Since its founding in 2004, the San Francisco-based company, Yelp, has flourished internationally – boasting a monthly average of 86 million visitors in 2012’s fourth quarter. Self-described as “the best way to find great local businesses,” Yelp’s success is driven by its user-generated reviews, which topped 36 million in 2012. Through the website and mobile app, Yelpers can find word-of-mouth reviews on everything from restaurants to dentists, mechanics to lawyers.
In other words, Yelp is a big deal.
There are, however, unique problems associated with user-generated content sites and businesses. One form of this problem, which has notoriously plagued sites like Amazon and Yelp, is the “fake review.” Fake reviews hurt the integrity of a site and the user-experience by forcing the user to determine which reviews are real or fake. So Yelp is fighting back.
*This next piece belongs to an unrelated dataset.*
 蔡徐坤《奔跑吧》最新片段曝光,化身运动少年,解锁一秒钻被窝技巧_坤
On August 20, 2013, Yelp filed a complaint against a California law firm, The McMillan Group in a San Francisco court claiming breach of contract, intentional interference of contractual relations, and two violations of CA’s business code. The thrust of these claims stem from the McMillan Group’s alleged planting of fake Yelp reviews in praise of the firm. For instance:
“The entire firm staff was very helpful. I never felt uncomfortable asking questions throughout the process, and the staff was very informative. I was kept in the loop throughout my filing. I certainly recommend McMillan Law Group for a quick, efficient and pain-free bankruptcy experience. I am now back on my feet again financially thanks to the firm.”
According to Yelp, McMillan attorneys and staff, virtually “disguised” as clients, wrote several, fake, five star reviews like the one above. Unfortunately for the McMillan Group, Yelp has sophisticated systems in place to weed out fake reviews, even in cases where the fake reviewers are not so sophisticated themselves. For example, the complaint states that the alleged fake reviewer used the same email account or IP address for multiple reviews (read: amateur hour).
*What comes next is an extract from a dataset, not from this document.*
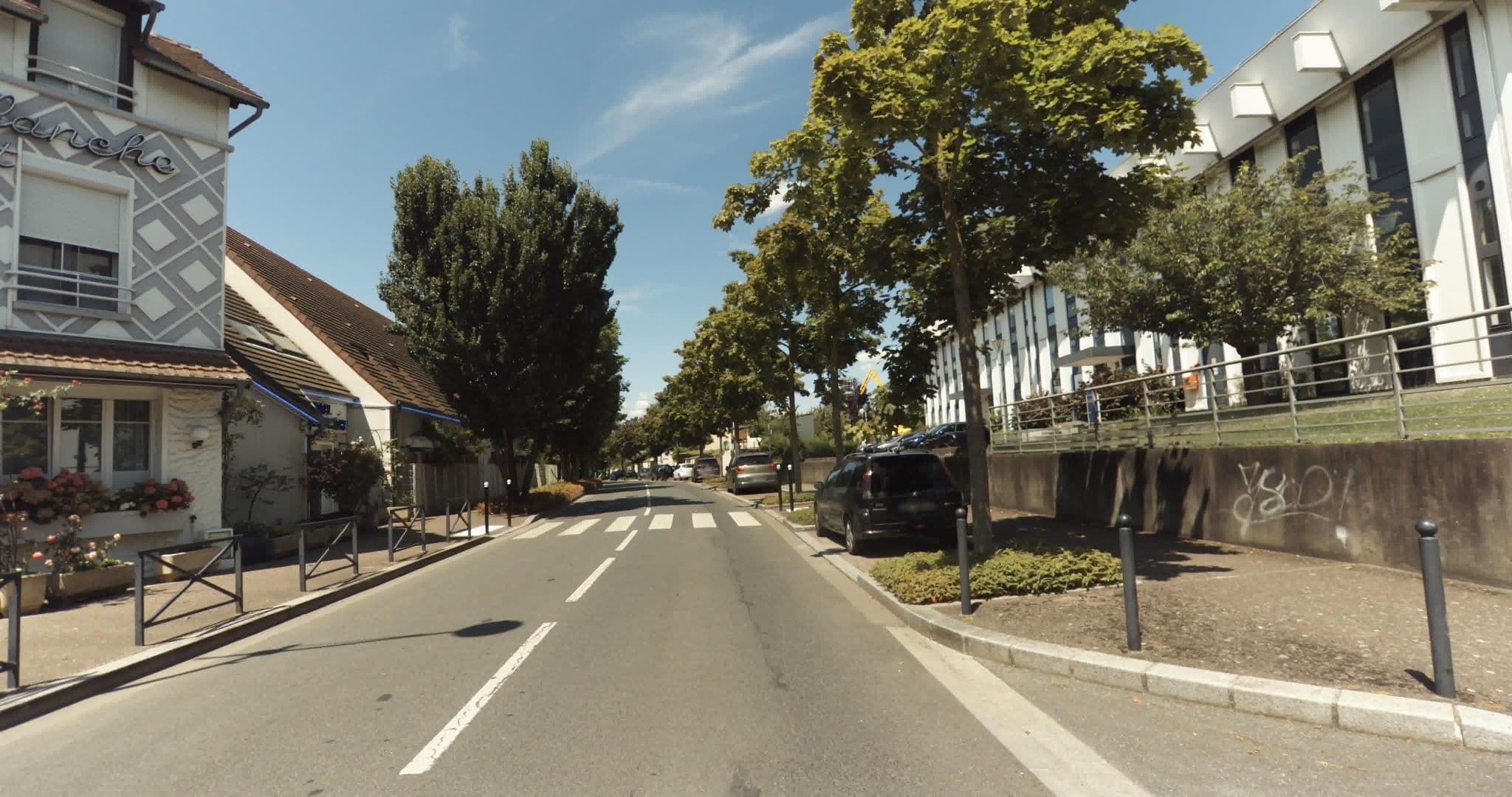 Street view near Maison Blanche, Rungis — © sogefi (CC BY-SA · Mapillary)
In any event, this will be an interesting case to keep an eye on. The legal issues, which are a unique product of our rapidly developing internet/mobile-based society, will certainly provide important considerations for both businesses and users of sites like Yelp. But the trouble shouldn’t stop there. For lawyers and law students alike, the facts of this case should also raise another red flag . . . the ethical kind.
It only takes a few Professional Responsibility classes to realize that what this law firm is accused of doing is probably against the Model Rules of Professional Conduct. For instance, if an attorney for the firm wrote these reviews, it clearly seems to fall within Rule 7.1:
“A lawyer shall not make a false or misleading communication about the lawyer or the lawyer’s services. A communication is false or misleading if it contains a material misrepresentation of fact or law, or omits a fact necessary to make the statement considered as a whole not materially misleading.”
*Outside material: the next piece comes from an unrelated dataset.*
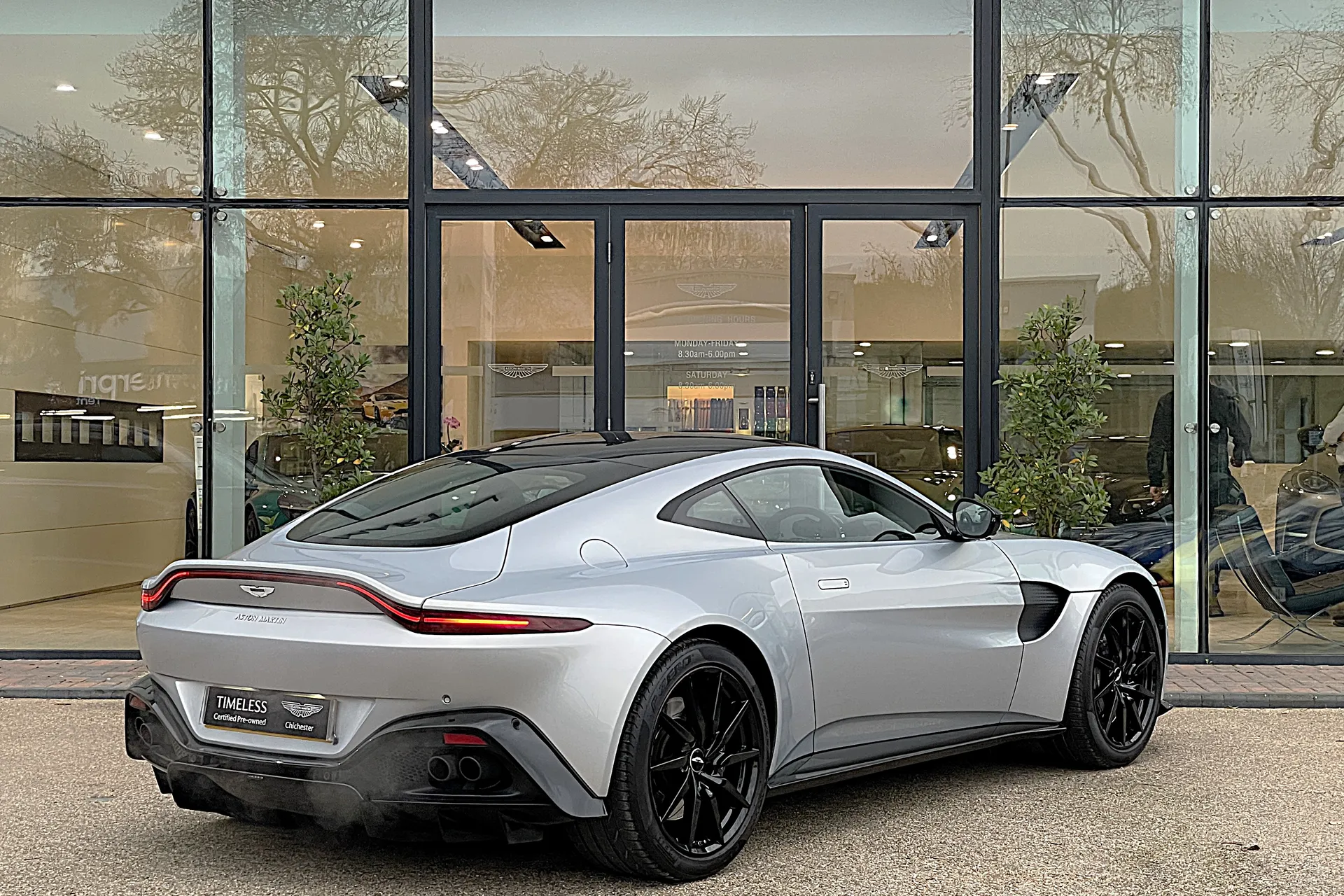 Aston Martin Vantage thumbnail image number 7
I’d say that disguising yourself as a “fake client” and writing glowing reviews qualifies as a misleading communication. But say an attorney from the firm didn’t write the fake review. Say it was the summer associate/social media intern. Would a fake review violate 7.1? Perhaps not, but it may violate Rule 5.3, which requires that attorneys supervising take reasonable efforts to make sure non-lawyers’ conduct within the firm complies with a lawyer’s ethical obligations. This goes for administrative personnel, paralegals, etc.
Regardless of which rule is violated, under a plain reading of the Rules, it seems clear that a law firm posting fake reviews on Yelp or any other user-generated content site flies in the face of an attorney’s ethical obligations. It will be interesting to see how Bar Associations handle problems like this in the coming years, as they will surely become (if they are not already) a serious problem facing lawyers, and more importantly clients.
So, if you are a lawyer and your extracurricular activities include trolling sites like Amazon or Yelp, make sure you avoid writing fake reviews for your firm. You could not only end up facing a law suit, but you may wind up losing your bar card.